Мы совершенно согласны с авт<ором> ст<атьи> "Р<усского> В<естника>" Катковым, что со смертью Карениной кончилась ее жизнь, но чтобы с нею кончился и роман, -- с этим мы согласиться не можем.

Ответив на вопрос о женской эмансипации отрицательно, т. е. чего не должно делать, граф Толстой целым романом отвечает в том же смысле и на другие вопросы. Исчислять все то, что делают люди в романе, значило бы приводить целиком роман.

Тут люди служат, выслуживаются, прислуживают, интригуют, выпрашивают, пишут проекты, спорят в заседаниях, чванятся, пускают пыль в глаза, благотворят, проповедуют, словом, делают то, что делали всегда или что делают под влиянием новейшей моды. И над всеми этими действиями, как едва заметный утренний туман, сквозит легкая ирония автора, для большинства вовсе незаметная. Один из всех действующих лиц пользуется серьезным сочувствием автора -- это Левин. Что же такое Левин, очевидно представляющий художественное воспроизведение положительного ответа? Левин, как представитель человека интеллигентного, должен быть существом цельным, неразорванным и ненадломленным, какими до сих пор являлись наши литературные герои, начиная с москвича в гарольдовом плаще и проходя через Печорина, Рудина и Обломова. По самому свойству задачи он не может быть отрицателем и революционером, как Базаров. Он должен быть человеком, по возможности, свободным от всех условных -- служебных, профессиональных, цеховых и т. д. уз.

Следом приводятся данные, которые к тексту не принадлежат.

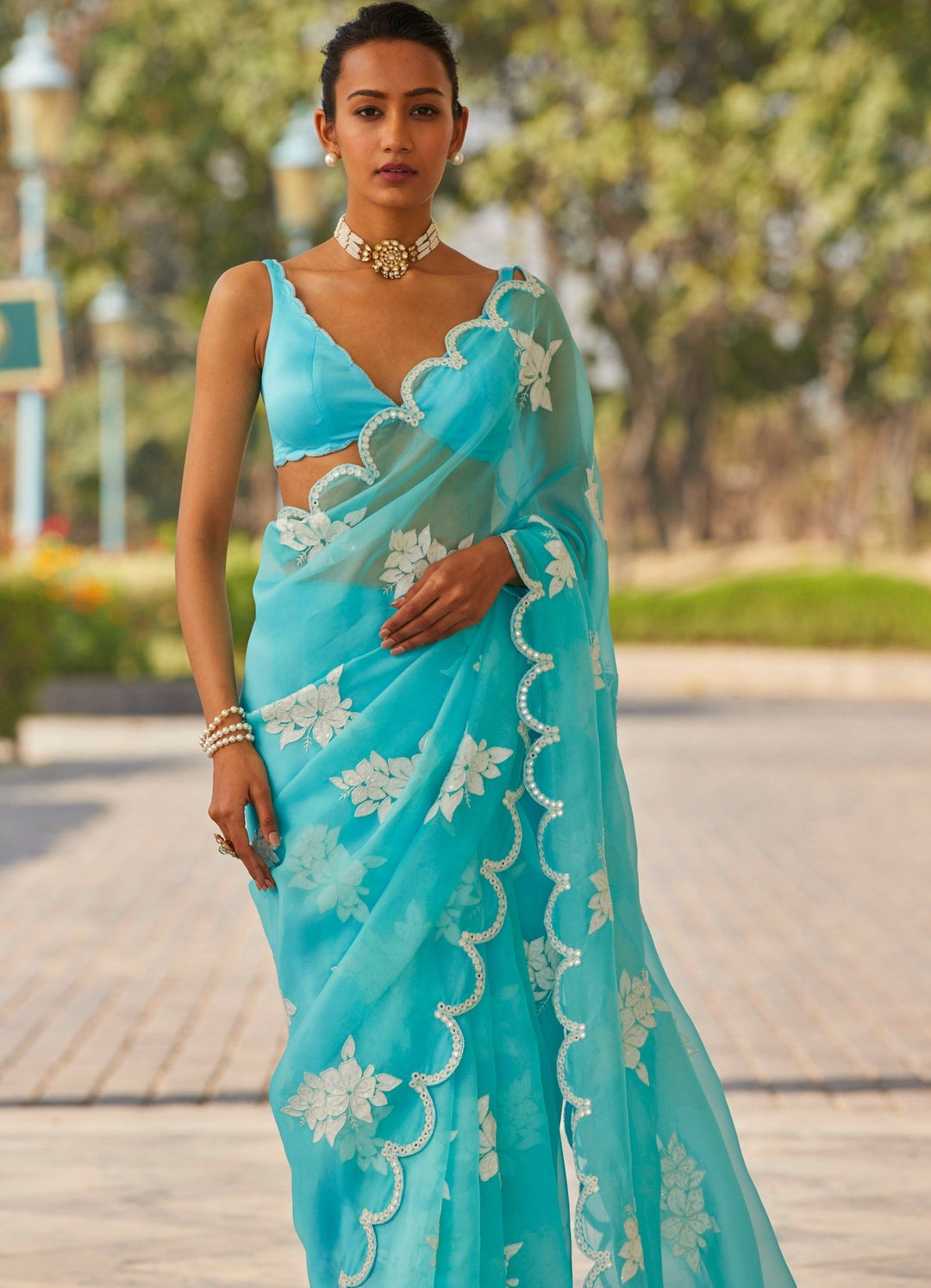 Blue Applique Organza Saree Vvani by Vani Vats - Fabilicious Fashion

Почву, на которой бы при известной нравственной высоте соединялись, сосредоточились все эти условия, до сих пор может представлять только среда, в которую поставлен (автором) Левин. Владея не блестящим, но независимым состоянием, он ищет, вследствие разрушения прежних экономических отношений, новых здравых основ тому делу, служить которому призван длинным рядом предков. Служит он ему не столько вследствие прибыльности самого дела, сколько по преемственной любви к нему. Лишившись известных выгод, он, по родовой привычке, не в силах нравственно сбросить связанных с ним обязанностей. Как человек вполне свободный не по одному материальному положению, но и свободно мыслящий, в лучшем значении слова, он не ограничивается критической проверкой своих отношений ко всему окружающему; он проверяет и собственные душевные симпатии и побуждения. Мыслитель не по прозванию или профессии, а по природе, он мучительно задается вопросом, стоящим в бесконечной дали перед всяким умственным трудом, вопросом о конечной цели бытия вообще и своего в частности. Чем же он виноват, что этот первейший в жизни вопрос ему не кажется не стоящим внимания? Чем он виноват, что ни в нравственном, ни в религиозном отношении не может ограничиваться рутиною инстинкта и предания, а мучительно вынужден приискивать им разумное оправдание? Но ведь осуждать его за подобные поиски, значит осуждать всю науку, у которой нет и не может быть иной конечной цели, как отвечать на означенный вопрос. Относясь с пренебрежением к Левину, вы вынуждены глумиться над наукой вообще; если ваши греки и римляне со всем их нравственным капиталом предназначаются не для того, чтобы, утвердя разум на исключительно счастливых стезях, пройденных этими народами, приготовить его к здравому и беспристрастному обсуждению данных новейшей естественной науки для окончательной критики всего пройденного пути и, следовательно, разрешения главнейшей нравственной задачи, то ваши лицеи вполне заслуживают упрека в самой непростительной и даже бессмысленной трате времени.